I have no doubt that the essays in this volume set an agenda for all who wish to study the theological and pastoral depth of the worship of church and synagogue. Knowledge of what's at stake in understanding the depth and breadth of the aesthetic/theological mystery and cultural force of liturgical life is a continuing task and responsibility of theological inquiry. We must always begin where and with whom we worship, and in the formed traditions of Word, sacrament, and common life. If the promises of God are taken seriously, we must become artists of what Joseph Gelineau once called the “paschal human in Christ.” Without dogmatism, cultural violence, or intellectual self‐aggrandizement, liturgical theology must aim at bringing the humanity of God out of our “arenas of human folly” to the “arena of God's glory.” The songs of Zion are to be remembered and learned again and again.

Don E. Saliers

Introduction

Porter C. Taylor and Khalia J. Williams

This volume is the literary encapsulation of the adage “necessity is the mother of invention.” As Porter waded through his doctoral research, it became abundantly clear that while edited volumes had been written honoring liturgical theologians1 or with contributions by liturgical theologians, there was nothing on the market which served as a truly comprehensive2 resource for the field. In the midst of his dissertating, he grew increasingly determined to create in the future the volume for which he had a necessity in the present. One of his primary goals was to assemble a group of the field's leading voices, emerging scholars, and prolific writers. In our earliest conversations as co‐editors, we set a common goal: to compile the volume that we wanted to read. The concept for this volume was thus born.

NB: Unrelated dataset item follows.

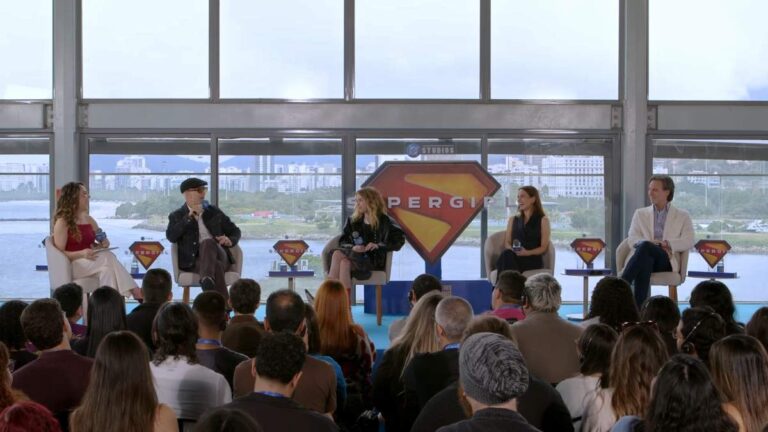 Coletiva Supergirl: Entrevista com Milly Alcock, Ana Nogueira, Craig Gillespie e Peter Safran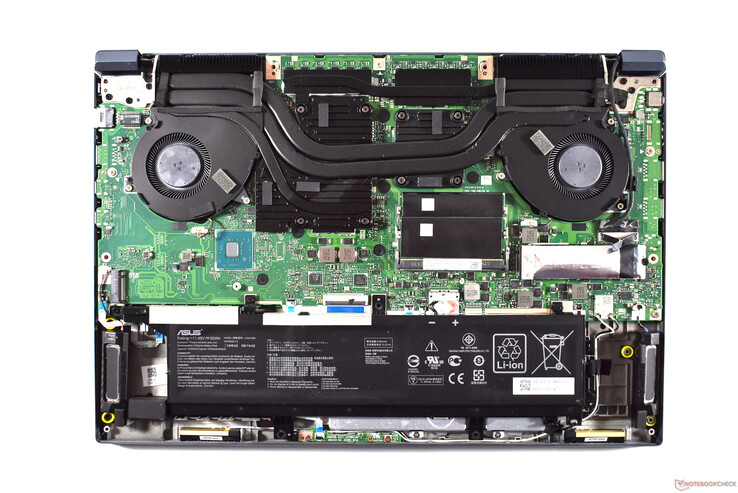 View inside the Asus ProArt StudioBook Pro X W730W5T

As we began our collaborative work of co‐editing, we started to envision a potential future for liturgical theology. This future was not pre‐determined by us as though we somehow had the power to shape an entire field, rather, it was the sort of aspirational future which emerges and erupts from the soil of the work performed by so many in the past and the ongoing contributions of scholars in the present. The potential future we were seeing, therefore, was one which took seriously our historic roots, acknowledged the vast diversity within the field, looked toward the horizon of further exploration within the field, and which embraced interdisciplinary opportunities.

This volume is drenched in the blood, sweat, and tears of the co‐editors and the contributors. We began our work in 2019 before Covid, we worked tireless during Covid, and we are releasing it into the wild of life after Covid. It has been a unique gift to see how practical ministry was transformed during the months and years most heavily influenced by the pandemic. Covid shaped and shifted the application and direction of many of the essays in this volume. As practitioners, professors, pastors, or priests, we have witnessed the strength and significance of embodied practices and liturgical formation in a Covid and post‐Covid world. Many, if not most, of the essays contained in this volume bear the implicit marks of leaders who sought to understand and guide their churches, dioceses, denominations, or classrooms through a global pandemic which changed the landscape of liturgical leadership and ministry in the local church.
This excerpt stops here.